Le vignoble bordelais, pilier de l’économie régionale et symbole du vin français, traverse sa pire crise depuis un demi-siècle. Malgré l’arrachage de 18 000 hectares de vignes en trois ans, la surproduction persiste et menace l’ensemble de la filière. Entre prix historiquement bas, trésorerie exsangue et marchés internationaux fermés, les acteurs économiques de la région sonnent l’alerte.
🍷 Trésorerie à sec et stocks pléthoriques
Les difficultés économiques sont généralisées. « Je ne connais pas un collègue qui ne soit pas en procédure collective ou en passe de l’être », déplore un propriétaire dans le Libournais. Cette situation reflète une crise structurelle qui touche toutes les exploitations, des petites caves familiales aux châteaux plus prestigieux, confirme Me Alexandre Bienvenu, avocat spécialisé dans le secteur viticole :
Beaucoup d’exploitations se trouvent en redressement judiciaire au regard de leur trésorerie et de leurs dettes fournisseurs.
La filière est frappée par la baisse de consommation de vin rouge et la fermeture des marchés chinois et américains. Le système des primeurs, qui injecte généralement plus d’1 milliard d’euros de trésorerie, a fonctionné de manière catastrophique en 2024 et 2025. Selon Renaud Jean, porte-parole du collectif Viti33 :
En deux ans, plus d’un milliard d’euros ne sont pas arrivés dans les caisses de la filière, le vignoble est désormais à deux doigts de l’effondrement.
Pourtant, les cuves débordent.
Les stocks sont pleins partout : dans les chais, chez les négociants et dans les entrepôts de la grande distribution
souligne Aurélie Lalanne, commissaire aux comptes chez KPMG. Même après des arrachages significatifs représentant près de 20 % des surfaces, la surproduction persiste, contraignant certains viticulteurs à brader leurs vins lors de liquidations judiciaires ou à vendre à des prix dramatiquement bas.
Le marché moyen gamme subit également la pression : les seconds vins des crus classés n’arrivent pas à se vendre, générant une spirale déflationniste. Nadège Impériale, propriétaire du Château Barbot Impériale, explique :
Sur le marché du vrac, on parle actuellement de 700 euros le tonneau en Bordeaux, contre un coût de production d’au moins 1 500 euros.
Pour les Saint-Émilion Grand Crus, certains vins se négocient à moins de 6 euros HT la bouteille, du jamais vu.
🏦 Les acteurs économiques face à une filière sous tension
Cette crise viticole a des répercussions financières majeures. Avec 5 000 exploitations et 50 000 emplois concernés, la situation impacte également les fournisseurs, prestataires et acteurs bancaires. Le Crédit agricole d’Aquitaine, principal prêteur de la filière avec 70 % de parts de marché et 2,7 milliards d’euros d’encours, suit de près la situation.

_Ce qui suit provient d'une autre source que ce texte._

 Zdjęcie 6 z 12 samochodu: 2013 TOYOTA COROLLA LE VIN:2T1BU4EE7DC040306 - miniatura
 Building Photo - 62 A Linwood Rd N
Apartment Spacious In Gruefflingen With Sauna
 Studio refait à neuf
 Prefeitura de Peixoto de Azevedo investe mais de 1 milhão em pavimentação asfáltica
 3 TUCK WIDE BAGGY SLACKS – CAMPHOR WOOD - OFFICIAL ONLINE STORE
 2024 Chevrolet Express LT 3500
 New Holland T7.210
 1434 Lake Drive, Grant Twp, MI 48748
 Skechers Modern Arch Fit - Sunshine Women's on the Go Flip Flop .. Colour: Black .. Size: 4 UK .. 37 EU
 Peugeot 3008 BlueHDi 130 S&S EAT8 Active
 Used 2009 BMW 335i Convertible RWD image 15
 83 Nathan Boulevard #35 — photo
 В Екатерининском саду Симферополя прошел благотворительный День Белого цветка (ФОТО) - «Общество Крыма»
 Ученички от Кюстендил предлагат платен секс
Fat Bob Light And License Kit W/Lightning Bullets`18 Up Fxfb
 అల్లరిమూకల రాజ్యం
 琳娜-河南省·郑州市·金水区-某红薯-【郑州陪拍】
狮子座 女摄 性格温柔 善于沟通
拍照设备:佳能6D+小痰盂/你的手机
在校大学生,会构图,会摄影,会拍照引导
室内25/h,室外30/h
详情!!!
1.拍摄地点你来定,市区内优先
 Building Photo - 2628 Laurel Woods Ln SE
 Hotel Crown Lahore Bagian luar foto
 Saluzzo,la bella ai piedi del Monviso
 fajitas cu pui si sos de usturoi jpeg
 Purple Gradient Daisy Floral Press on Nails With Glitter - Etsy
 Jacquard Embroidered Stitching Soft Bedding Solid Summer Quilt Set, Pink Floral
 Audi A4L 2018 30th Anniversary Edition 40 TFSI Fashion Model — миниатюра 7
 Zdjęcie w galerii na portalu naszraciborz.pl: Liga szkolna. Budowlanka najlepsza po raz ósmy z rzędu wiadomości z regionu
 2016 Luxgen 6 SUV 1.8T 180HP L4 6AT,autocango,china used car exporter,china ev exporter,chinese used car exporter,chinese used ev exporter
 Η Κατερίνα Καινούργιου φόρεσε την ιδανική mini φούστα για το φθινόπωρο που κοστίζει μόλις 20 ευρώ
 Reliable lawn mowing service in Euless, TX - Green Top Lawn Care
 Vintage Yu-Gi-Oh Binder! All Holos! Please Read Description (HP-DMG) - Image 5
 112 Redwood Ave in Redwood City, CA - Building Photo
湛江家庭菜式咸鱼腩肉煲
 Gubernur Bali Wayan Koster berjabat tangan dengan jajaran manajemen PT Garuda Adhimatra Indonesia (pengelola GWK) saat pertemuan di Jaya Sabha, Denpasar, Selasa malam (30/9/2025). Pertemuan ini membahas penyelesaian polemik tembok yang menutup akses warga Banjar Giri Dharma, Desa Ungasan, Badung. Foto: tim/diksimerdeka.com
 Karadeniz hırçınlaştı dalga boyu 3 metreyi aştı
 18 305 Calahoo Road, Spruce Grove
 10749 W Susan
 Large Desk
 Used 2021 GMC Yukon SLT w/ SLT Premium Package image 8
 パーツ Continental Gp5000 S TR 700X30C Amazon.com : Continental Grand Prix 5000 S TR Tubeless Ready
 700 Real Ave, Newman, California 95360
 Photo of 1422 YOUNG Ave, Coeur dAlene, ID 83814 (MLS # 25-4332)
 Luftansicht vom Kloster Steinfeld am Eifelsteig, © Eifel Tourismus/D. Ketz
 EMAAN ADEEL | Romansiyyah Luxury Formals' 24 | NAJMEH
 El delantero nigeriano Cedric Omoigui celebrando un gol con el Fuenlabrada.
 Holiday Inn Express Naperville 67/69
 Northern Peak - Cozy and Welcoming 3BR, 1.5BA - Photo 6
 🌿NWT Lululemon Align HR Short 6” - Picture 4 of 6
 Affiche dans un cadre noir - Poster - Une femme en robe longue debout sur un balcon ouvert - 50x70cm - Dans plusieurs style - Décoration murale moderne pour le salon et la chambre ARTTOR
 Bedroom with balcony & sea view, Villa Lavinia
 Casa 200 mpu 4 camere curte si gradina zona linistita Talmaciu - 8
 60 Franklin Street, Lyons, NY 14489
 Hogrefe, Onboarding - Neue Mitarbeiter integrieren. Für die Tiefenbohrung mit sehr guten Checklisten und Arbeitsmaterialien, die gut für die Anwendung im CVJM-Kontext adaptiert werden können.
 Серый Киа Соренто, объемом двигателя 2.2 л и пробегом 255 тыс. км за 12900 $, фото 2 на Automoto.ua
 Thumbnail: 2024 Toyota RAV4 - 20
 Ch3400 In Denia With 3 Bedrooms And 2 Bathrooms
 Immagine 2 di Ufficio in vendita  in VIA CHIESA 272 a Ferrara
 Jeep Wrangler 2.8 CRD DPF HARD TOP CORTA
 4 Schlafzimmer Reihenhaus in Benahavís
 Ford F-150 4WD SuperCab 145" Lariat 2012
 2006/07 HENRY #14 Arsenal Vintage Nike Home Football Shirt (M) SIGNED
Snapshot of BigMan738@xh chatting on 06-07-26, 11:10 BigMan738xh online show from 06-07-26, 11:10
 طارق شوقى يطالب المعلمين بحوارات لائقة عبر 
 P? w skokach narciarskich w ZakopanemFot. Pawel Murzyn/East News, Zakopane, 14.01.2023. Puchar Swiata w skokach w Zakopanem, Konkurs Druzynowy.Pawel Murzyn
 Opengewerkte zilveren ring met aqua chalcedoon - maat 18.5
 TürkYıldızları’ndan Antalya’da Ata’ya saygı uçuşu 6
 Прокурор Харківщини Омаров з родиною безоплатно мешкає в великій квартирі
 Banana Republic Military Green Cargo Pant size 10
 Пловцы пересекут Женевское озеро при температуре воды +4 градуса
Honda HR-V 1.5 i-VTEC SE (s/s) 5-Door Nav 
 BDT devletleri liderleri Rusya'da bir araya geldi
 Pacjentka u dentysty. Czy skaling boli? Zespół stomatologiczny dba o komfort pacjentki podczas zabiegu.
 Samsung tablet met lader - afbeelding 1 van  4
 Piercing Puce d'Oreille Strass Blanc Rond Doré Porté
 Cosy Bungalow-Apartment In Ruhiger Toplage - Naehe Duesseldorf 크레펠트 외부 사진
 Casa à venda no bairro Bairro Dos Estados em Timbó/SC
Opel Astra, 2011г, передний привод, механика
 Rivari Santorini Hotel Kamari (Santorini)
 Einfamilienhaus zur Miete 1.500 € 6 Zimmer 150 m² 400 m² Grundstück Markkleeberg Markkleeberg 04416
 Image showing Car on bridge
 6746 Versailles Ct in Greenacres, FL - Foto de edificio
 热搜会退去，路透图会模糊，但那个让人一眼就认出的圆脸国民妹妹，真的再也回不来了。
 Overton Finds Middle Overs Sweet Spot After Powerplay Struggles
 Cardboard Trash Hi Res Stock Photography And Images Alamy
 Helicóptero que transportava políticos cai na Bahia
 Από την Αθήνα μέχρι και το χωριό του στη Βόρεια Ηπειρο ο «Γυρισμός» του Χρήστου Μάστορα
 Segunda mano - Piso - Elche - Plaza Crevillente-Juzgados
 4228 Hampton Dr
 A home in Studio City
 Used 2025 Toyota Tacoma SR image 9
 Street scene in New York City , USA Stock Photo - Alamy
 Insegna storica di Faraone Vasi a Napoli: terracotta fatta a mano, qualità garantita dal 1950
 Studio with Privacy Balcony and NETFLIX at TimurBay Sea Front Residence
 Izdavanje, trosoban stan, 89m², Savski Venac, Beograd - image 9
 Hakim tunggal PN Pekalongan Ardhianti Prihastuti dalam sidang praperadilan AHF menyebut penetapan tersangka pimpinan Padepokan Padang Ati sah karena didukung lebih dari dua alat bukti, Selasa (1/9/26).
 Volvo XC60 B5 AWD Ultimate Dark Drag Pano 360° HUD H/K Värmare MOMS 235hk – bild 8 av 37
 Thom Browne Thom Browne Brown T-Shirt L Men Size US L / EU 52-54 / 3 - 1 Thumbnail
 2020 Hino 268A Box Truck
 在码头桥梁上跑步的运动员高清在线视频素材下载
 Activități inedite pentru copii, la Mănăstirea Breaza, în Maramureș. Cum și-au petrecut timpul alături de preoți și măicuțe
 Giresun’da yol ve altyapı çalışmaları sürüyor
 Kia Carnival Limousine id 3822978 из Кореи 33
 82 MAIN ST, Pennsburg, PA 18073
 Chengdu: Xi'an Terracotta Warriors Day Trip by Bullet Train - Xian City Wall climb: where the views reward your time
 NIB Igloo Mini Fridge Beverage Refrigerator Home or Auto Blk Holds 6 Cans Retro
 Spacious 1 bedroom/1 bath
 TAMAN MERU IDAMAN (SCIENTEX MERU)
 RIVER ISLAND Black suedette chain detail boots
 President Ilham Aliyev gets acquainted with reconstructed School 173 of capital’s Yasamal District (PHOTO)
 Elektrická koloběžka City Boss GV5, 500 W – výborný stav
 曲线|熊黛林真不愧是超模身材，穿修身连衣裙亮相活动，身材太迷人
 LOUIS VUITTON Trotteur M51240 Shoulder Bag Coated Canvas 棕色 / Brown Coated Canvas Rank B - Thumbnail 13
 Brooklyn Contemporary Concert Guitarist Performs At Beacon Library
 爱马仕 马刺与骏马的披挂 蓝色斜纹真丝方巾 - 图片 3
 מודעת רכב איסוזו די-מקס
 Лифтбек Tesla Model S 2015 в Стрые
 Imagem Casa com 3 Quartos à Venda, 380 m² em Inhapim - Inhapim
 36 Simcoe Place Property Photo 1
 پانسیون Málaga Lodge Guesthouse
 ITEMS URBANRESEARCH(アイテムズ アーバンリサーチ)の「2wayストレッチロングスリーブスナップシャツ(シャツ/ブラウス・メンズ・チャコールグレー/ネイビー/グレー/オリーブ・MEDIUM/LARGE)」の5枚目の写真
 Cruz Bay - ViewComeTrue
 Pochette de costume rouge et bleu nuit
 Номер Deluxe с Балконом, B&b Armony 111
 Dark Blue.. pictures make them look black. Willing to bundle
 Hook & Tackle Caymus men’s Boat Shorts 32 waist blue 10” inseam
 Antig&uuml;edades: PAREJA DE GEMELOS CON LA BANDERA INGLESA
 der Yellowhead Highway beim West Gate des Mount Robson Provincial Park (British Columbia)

Selon Eric Garreau, directeur du pôle viticulture de la banque régionale :
Beaucoup de vignerons ont des sujets de trésorerie, avec un ralentissement du marché très clair et des prix de sortie en baisse continue.
La banque a déployé 14 personnes dédiées à l’accompagnement des exploitations viticoles, en plus des 60 salariés habituels chargés de la filière, pour gérer le taux de défaut élevé et croissant depuis deux ans.
Du côté du négoce, la situation est plus stable mais fragile.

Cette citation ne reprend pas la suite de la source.